Valique from Vehicle/V’s Edits has had an unparalleled voyage as an artists, editor and entrepreneur. He has singlehandedly put Russia on the very pinnacle of cutting edge quality and innovation, when it comes to the golden art of re-edits. 
His struggle with the distribution system sparked it all, and he took charge and help transform and shape how the scene looks today. I talked to him about ambitions, favorite studio trinkets and how on earth he keeps on topping himself. 

Hello Valique! Thanks for taking time out of your busy schedule to talk to us.
V’s edits have been a true staple of quality edits for years. There are no genres that V has left untouched. From African 80ies music to The Beatles. Always managing to add another dimension to what he edits, V’s edits always maintain a surreal high level of quality. The output has been and continues to be enormous.
Vehicle is your label where you release both your edits and your own tracks, and tracks by artists like P-Sol, Arcadion, and DJ Funky Junkie. V’s edits have been a true staple of quality edits for years. There are no genres that the V-series has left untouched, from African 80ies music to The Beatles. Always managing to add another dimension to what he edits, V’s edits always maintain a surreal high level of quality. The output has been, and continues to be enormous.

Juno re-extended itself into JUNODOWNLOAD , and we should say that this move started the era of digital edits.

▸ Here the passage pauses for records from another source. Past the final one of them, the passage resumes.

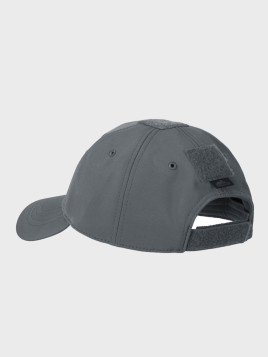 HELIKON-TEX CZAPKA BEJSBOLÓWKA ZIMOWA SOFTSHELL SHARK SKIN SHADOW GREY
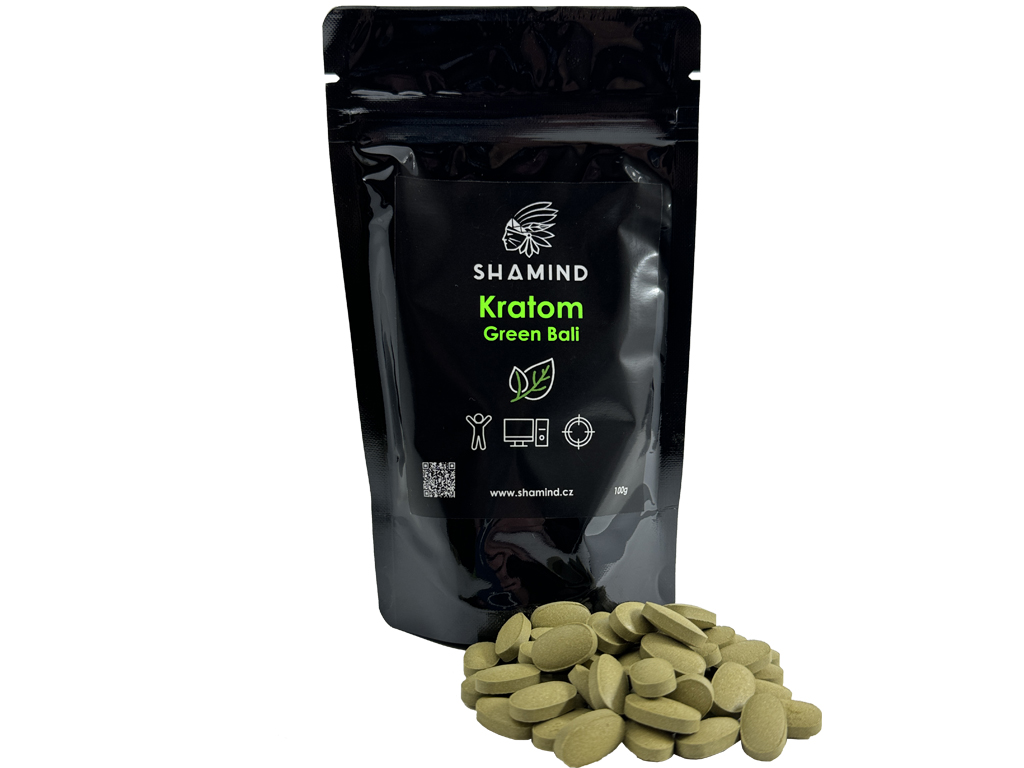 Shamind Lisovaný kraton - Green Bali Velikost: 25g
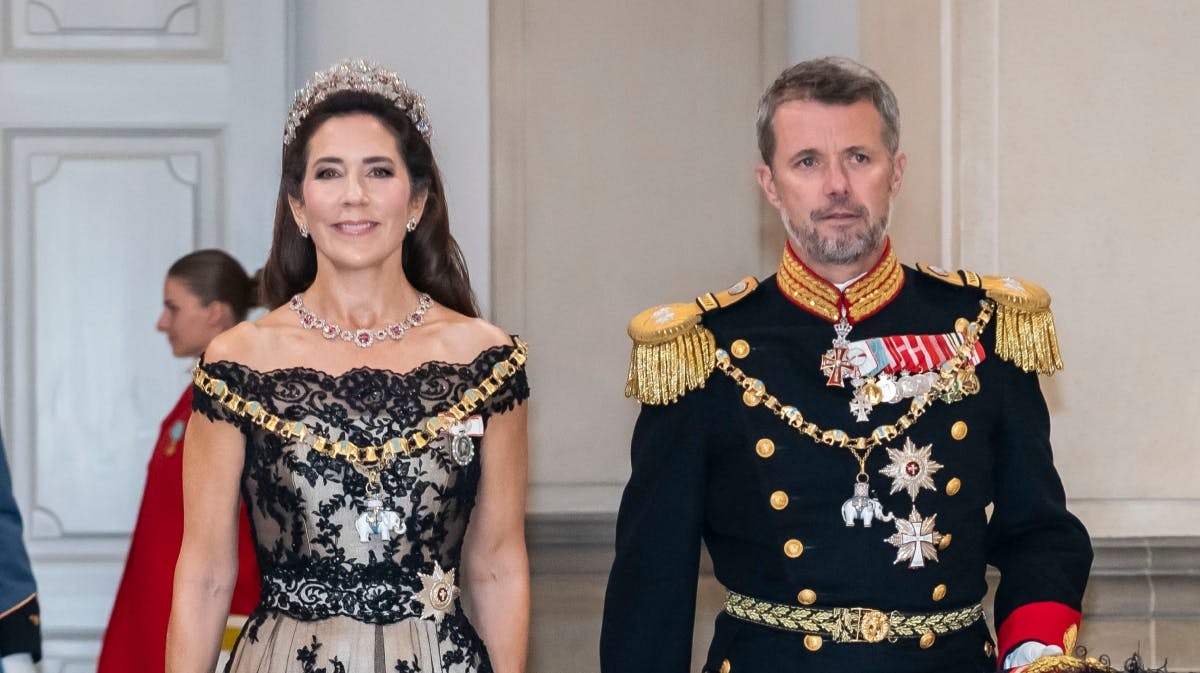 Kronprinsesse Mary og kronprins Frederik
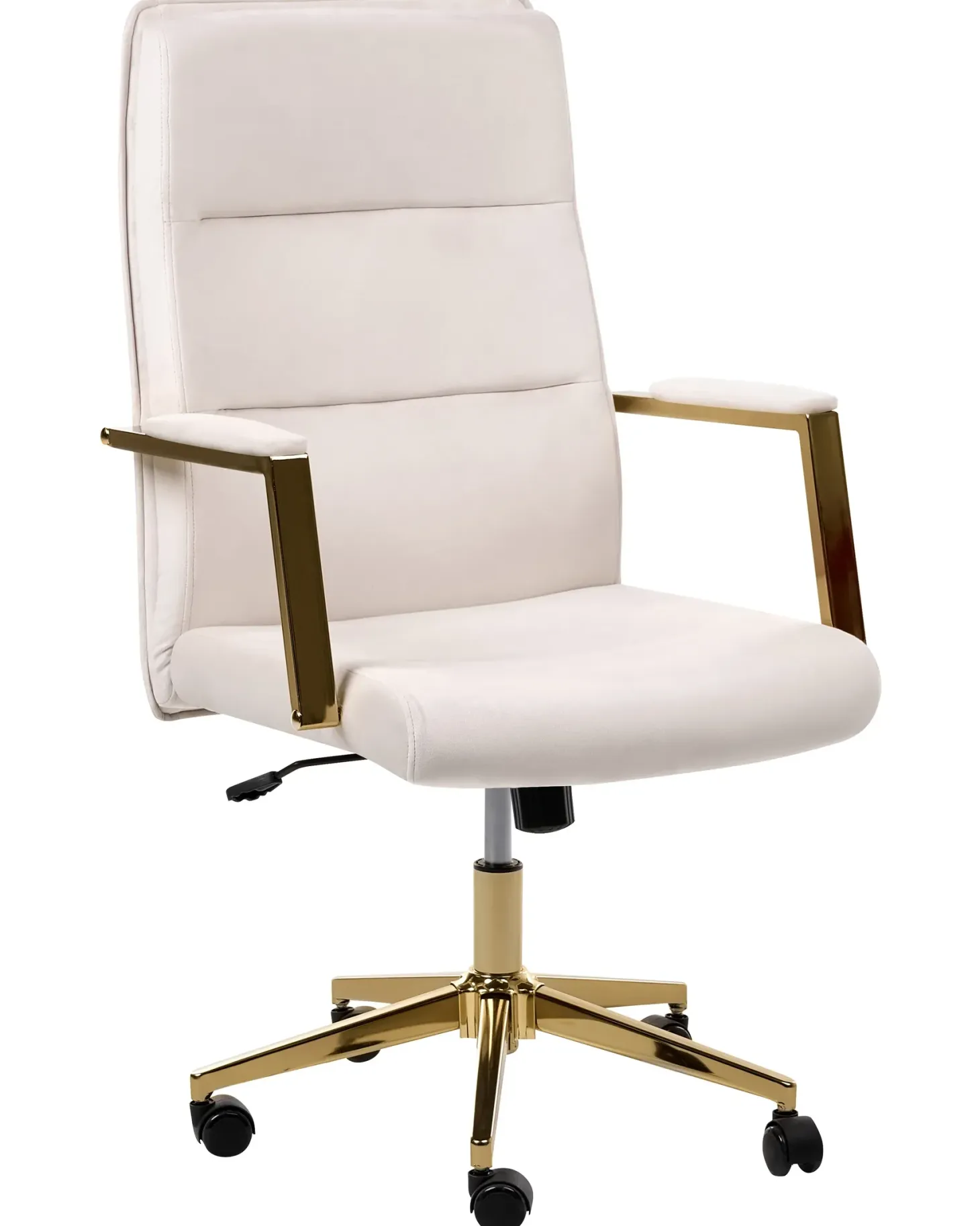 Chefstol DEMURE Velour Lys Beige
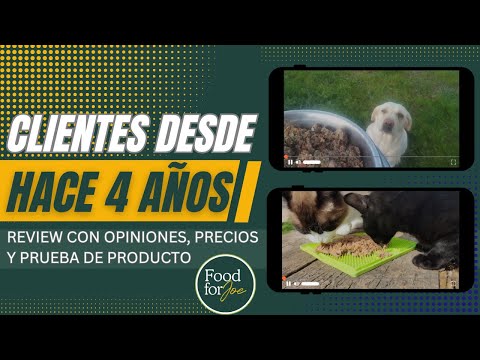 Opiniones de Food for Joe [2025] 4 años como cliente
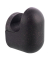 WAGNER design yourself Garderobenhaken PILL WH 0402 mit 1 Haken schwarz
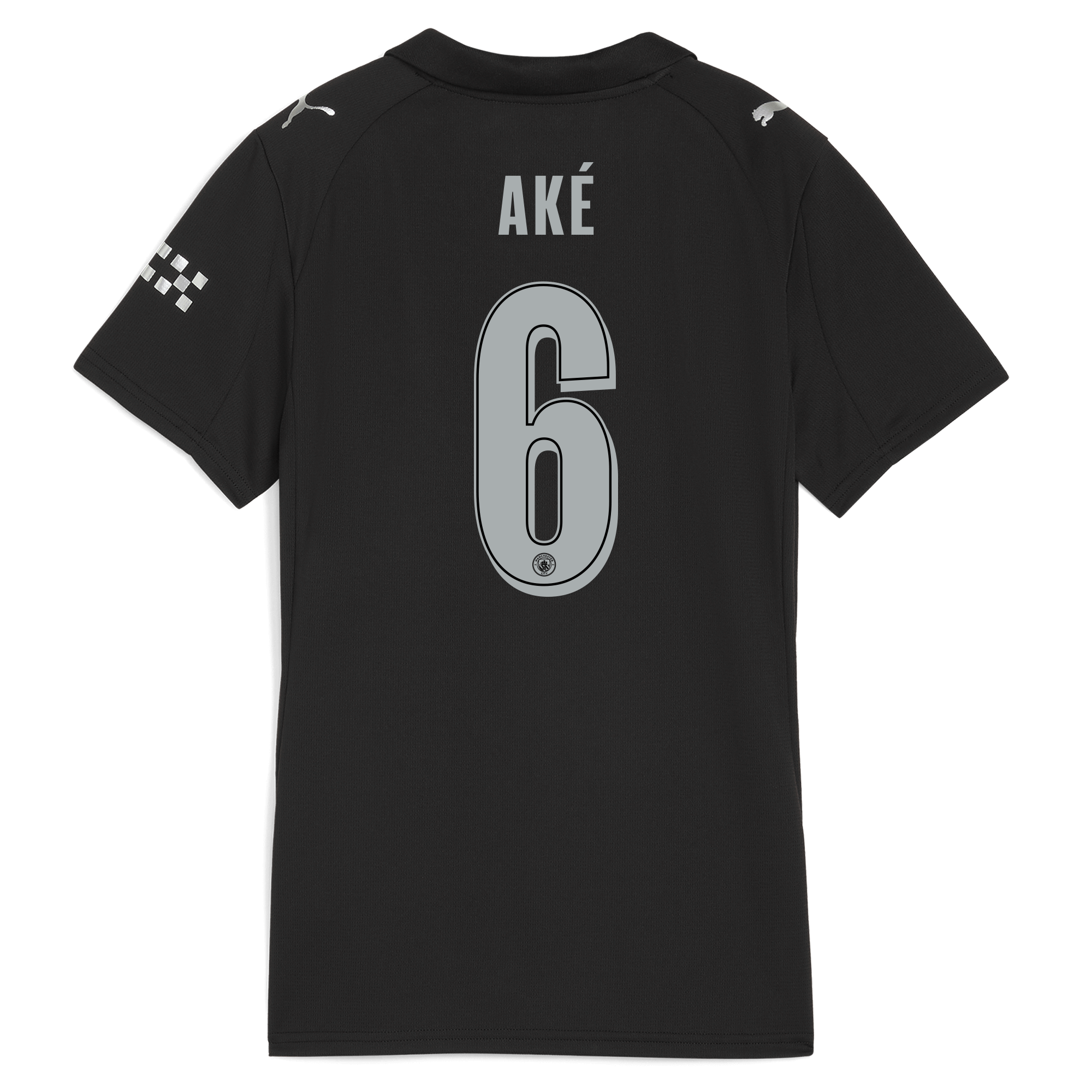 womens manchester city man city away jersey 202526 with akÉ 6 printing Manchester City Shirts | Official Team Gear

– Valique on what sparked the edits scene

Well, yes, the tendency to edit classic disco now seems to be covering an overwhelming majority of actual “editing” scene, and one can hardly find a good old record that hasn’t been chopped all the way down to the roots, and even branches may suit. When I started DJ’ing in the beginning of the century, gradually shifting the accent from being a band-leader and musician into being a “one-man-show”, edits on vinyl were precious because they gave you chance to play extended and clarified versions of disco tradition, vary your performance compared to all the other guys with classic record collections. They were so fresh and sounding more challenging. They weren’t clichés, like most edits of today that just repeat an intro/hook/suspension/hook/outro pattern, which is historically a simplest song form. The true editors of the first decade (I don’t think naming them makes sense, they are history) were looking to the ways of making an expected twist of the song, bringing often insignificant detail into the light of the scene. I think I belong to that school as an editor.

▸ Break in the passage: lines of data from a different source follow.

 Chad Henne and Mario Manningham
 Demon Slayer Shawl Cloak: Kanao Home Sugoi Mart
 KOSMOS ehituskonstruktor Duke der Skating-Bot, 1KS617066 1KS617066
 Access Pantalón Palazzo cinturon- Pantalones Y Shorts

Then Juno re-extended itself into JUNODOWNLOAD , and we should say that this move started the era of digital edits. Their friendly attitude and simple label policy opened wide the door through which came a majority of new edit stars. Vehicle got signed with Junodownload in 2006, that is actually the foundation of the label. The first releases were the original tracks and re-releases, that made sense at that time, but they didn’t sky-rocket the ceiling, so for some time I was looking for the right way to handle the label and founding a parallel venture IskraDisco! – one that focused more on disco-punk and alternative dance, that now most of the internet shops call “indie-dance.” We were distributed by Oseao, no one seems to know that name, but in the end they turned into Beatport, but through a series of very disappointing moves, leaving everyone they distributed with an empty release list and no pay-offs. That was a disappointing experience, so gradually I returned to Vehicle and thought I should try and do something with all those tracks that were pinned in my head for better versions. This how V’s edits Vol 1 appeared, and it is still the #1 of all-styles/all-time on JUNODOWNLOAD.

The very first V’s Edits peaking at number 1

You are something of a workhorse when it comes to keeping a steady output, and yet you’ve kept an incredible quality to your work. You must get up VERY early in the morning! How do you find the inspiration to edit old tracks? Tell us about the process.

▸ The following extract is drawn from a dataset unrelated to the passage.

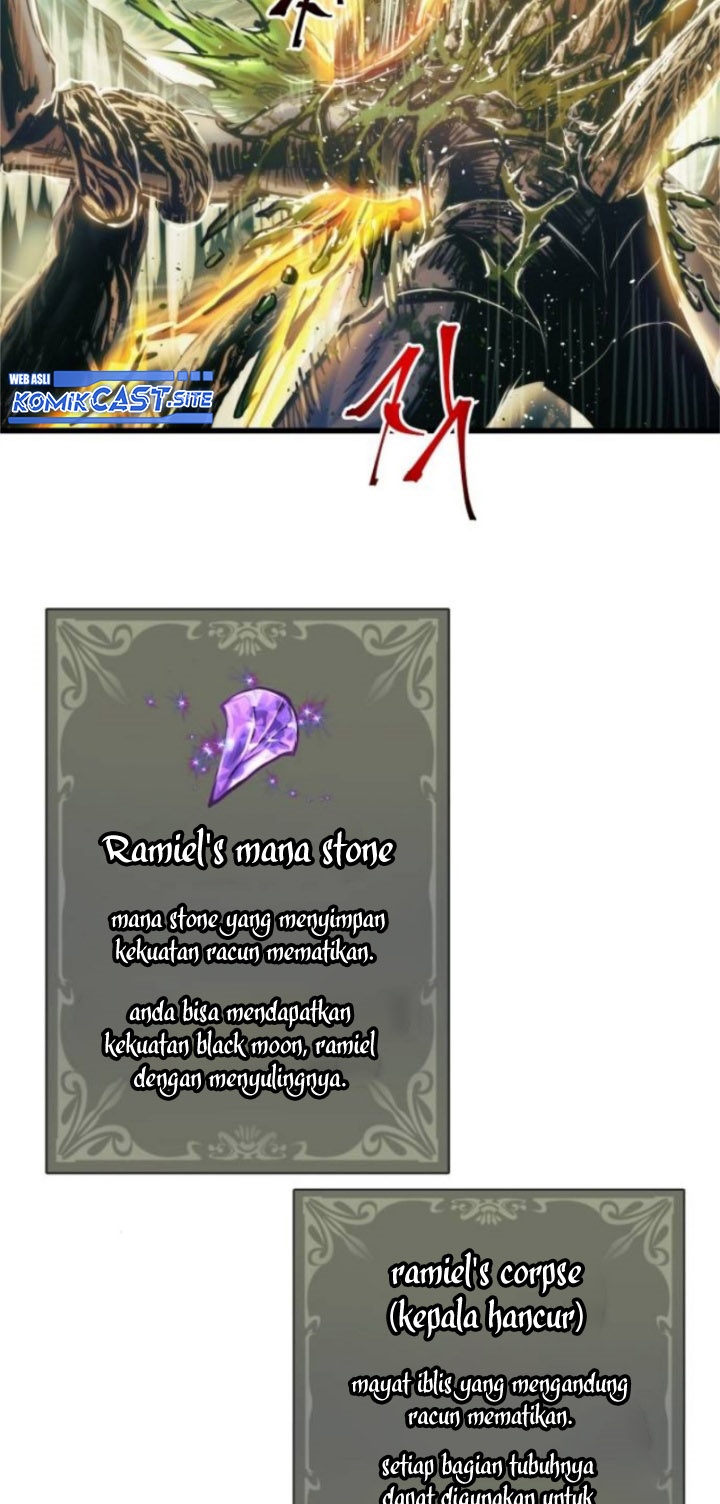 Reincarnation of the Suicidal Battle God Chapter 70 - halaman 71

Yes, in a way you can say I am a workhorse, I spend hours and hours in the studio. But workhorse also applies to building my own house with my own hands, raising a daughter and handling two labels and professionally DJ’ing through weekends. So, I am rather a Russian Troika!
Even so, despite a lot of walked paths and many full-sized releases, I start every new composition from scratch: 
Sorting out a new drum-kit, scouting through scattered sound libraries in search of the unexpected combinations of drums. Sometimes, it’s a new bass line, I grab a bass or a synth and replay a line of the song or create a modified version of it. 
If I have a multi-track at hand, I thoroughly study everything in it, sometimes even the back noises and accidental phrases that were recorded in session. That allows to get the spirit and read between the lines, before you actually start reading the musical text. So, when the bone structure is done – here comes the most interesting part of making it “V’s edit”. 

I’ve been writing music for kids and staging big shows for 11 years, so Russian classical and folk tradition is deeply rooted in me.

– Valique

It includes everything from reshaping the composition, adding harmonies, replaying or improvising melodies, searching for the synths sounds characteristic to the period, recording numerous layers of percussion (of which I have a massive collection), much of tonal work – when some parts has a great musical idea, but lacks pressure or quality in phrasing – things can be played around to highlight that one, not only by eq’ing and compressing, but also at creating the identical sounds that simply thicken the original piece. So it’s a multi-directional work, and I still enjoy it a lot, it keeps me experimenting. Also creating edits much liberated my spirit and self-assurance – the play of words and meanings in titles is very much a continuation of the mad studio process. Still, I believe that as an artist who walks in the foot steps of the giants, I shouldn’t be placing my name before them, rather in brackets.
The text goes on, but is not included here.